Instrumented mutations (every one threads actor + IP through):
Tenants: create, update, softDelete, setStatus(suspend/resume)
Partners: create, update, terminate
Flags: create, update (incl. flag.killed verb when state=off+note=kill-switch),
remove
Users: deactivate
Each controller resolves the User doc via ActorService, extracts IP via
clientIp(req), and passes { userId, email, ip } as AuditActor to the service.
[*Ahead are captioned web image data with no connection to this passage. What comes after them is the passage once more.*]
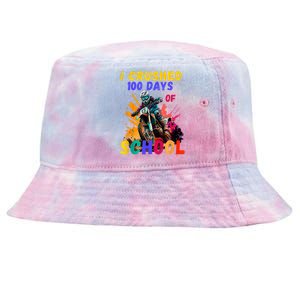 I Crushed 100 Days Of School Dirt Bike Tie-Dyed Bucket Hat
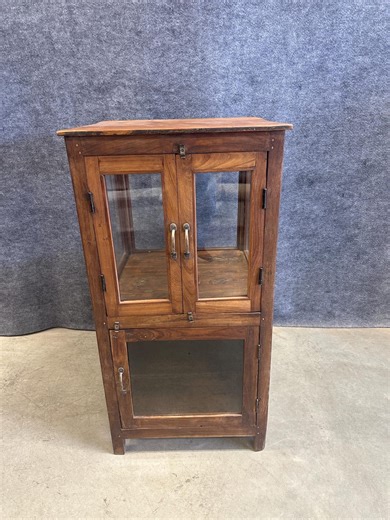 Solid Reclaimed Wood & Glass Display Cabinet With Multiple Shelves - Fisherman Chic - Etsy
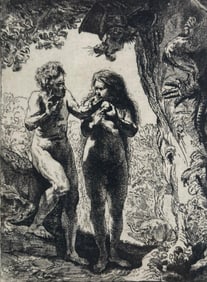 After Rembrandt Harmensz Van Rijn, Etching, Adam and Eve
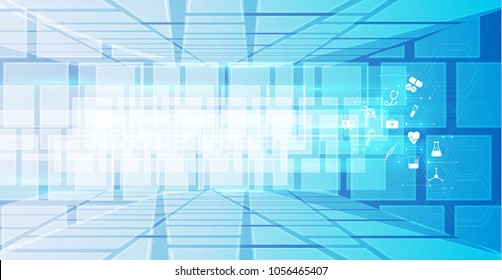 Abstract bright glitter blue background. health care icon pattern medical innovation concept design.Vector illustrations.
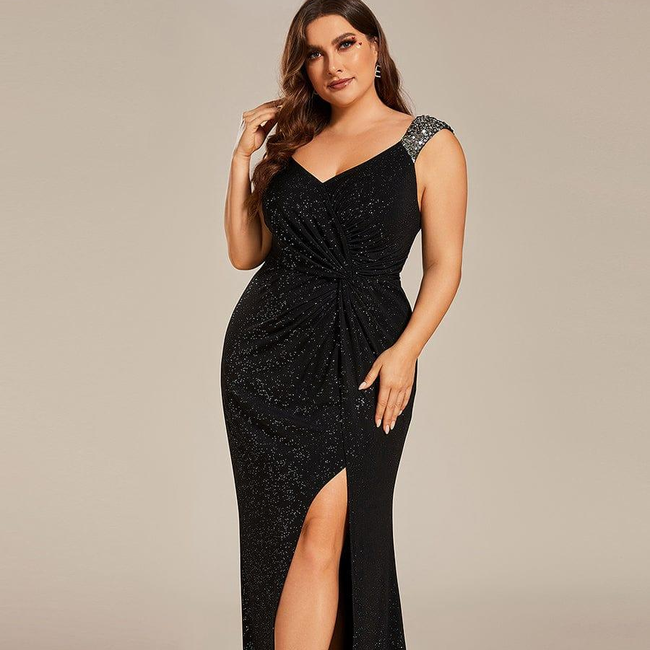 pretty NOIRE|Plus Size Glitter V-Neck High Slit Sequin Shoulder Strap Evening Dress-gallery-32647844757578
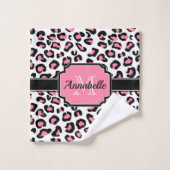 ピンクのヒョウのプリント バスタオルセット (ウォッシュタオル)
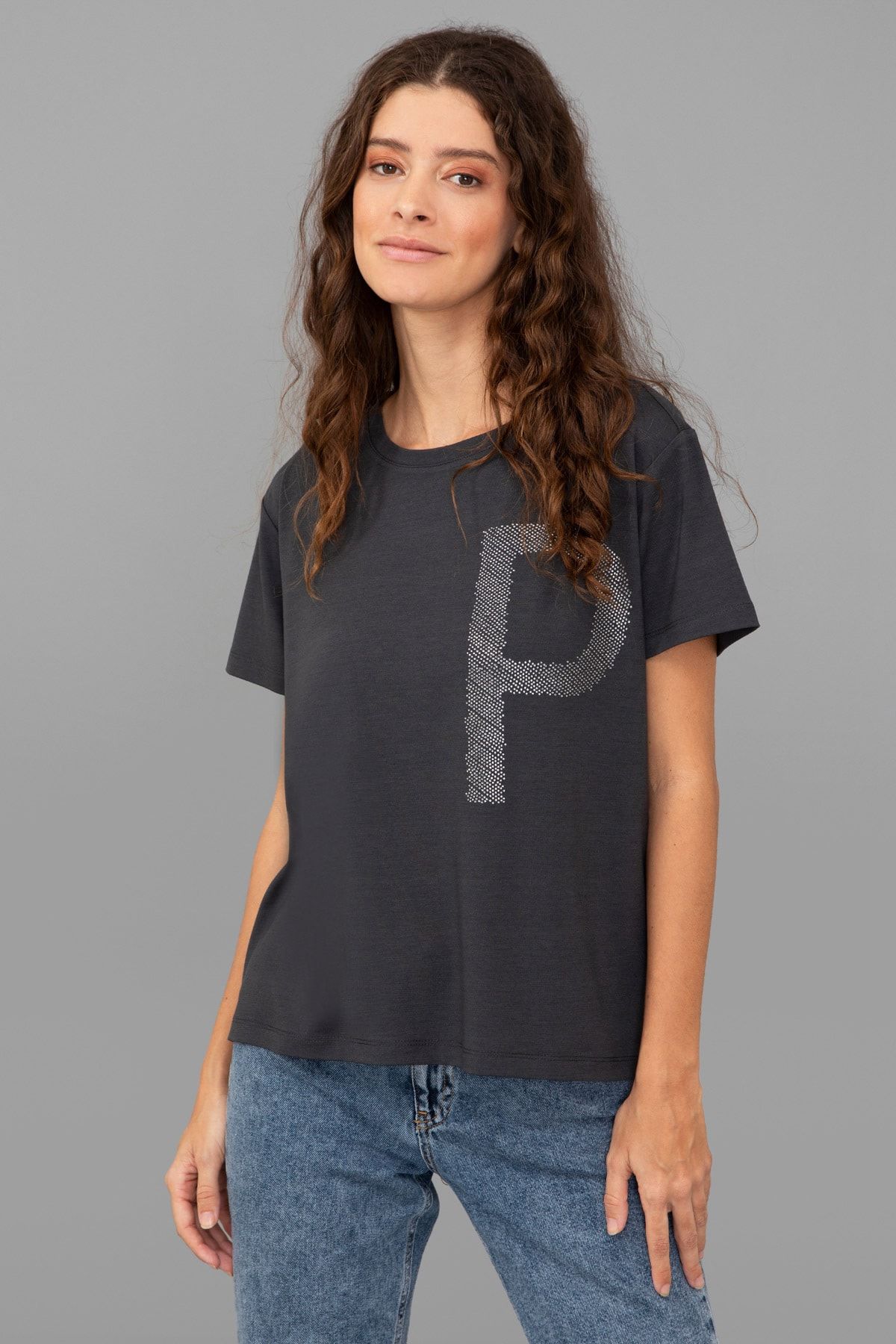 Pierre Cardin Grı Kadın T-Shirt G022SZ011.000.1347622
FlagsService's local ActorRef collapses to AuditActor so flag history and the
audit log share one shape.
Operator UI:
- /api/audit proxy that forwards query params verbatim
- types/audit.ts
- pages/audit.vue: real list with quick-pick action chips (All/Tenants/
Partners/Flags/Users), outcome filter, free-text search, "Load older
events" cursor pagination
- pages/index.vue: Overview activity card swaps mock OP_AUDIT for the
same /api/audit endpoint, rows link into /audit
- data/fixtures.ts: OP_AUDIT / AuditEntry / AuditTone exports removed
Verified end-to-end: suspended + resumed acme, flipped oci_versioning through
rollout → kill → on, then /audit returned all 5 events with the right action
verbs (tenant.suspended, tenant.resumed, flag.updated, flag.killed,
flag.updated), actor admin@dezky.local, IP 192.168.65.1. Filters (action
prefix + free-text q) narrow correctly.
Out of scope for this commit (each gets its own conversation):
- Authentik / OCIS / Stalwart ingest adapters (Phase 2)
- Hash-chain tamper evidence (Phase 3)
- TTL + cold-storage archival to Hetzner Object Storage (Phase 4)
- GDPR right-to-erasure tooling
Real backend for the flags page (was pure mock). Built so it's ready for
the first risky rollout (likely the Stalwart JMAP client or the Stripe
billing engine).
services/platform-api:
- Flag schema (key, description, state, pct, scope.{plans, tenantSlugs,
partnerSlugs, environments}, embedded history capped at 20)
- FlagsService with CRUD + evaluateAll(tenantSlug) → { key: bool }
Eval algorithm:
off → false; on → true
targeted → require non-empty scope (empty allowlist means "nobody"),
then match every non-empty axis
rollout → match scope, then sha256(`${tenantId}:${key}`) % 100 < pct
Hash-based rollout is deterministic: bumping pct only flips the new
slice. Pure helpers (matchesScope, hasAnyScope, inRolloutBucket) are
exported for future unit tests.
- FlagsController exposes GET /flags, GET /flags/:key, POST /flags/evaluate
(JwtAuthGuard); POST/PATCH/DELETE require OperatorGuard. History entries
capture the actor's email.
- SeedService idempotently creates 10 flag keys mapping to real Dezky
concerns (jmap_native_v2, gdpr_export_v2, new_billing_engine, etc.).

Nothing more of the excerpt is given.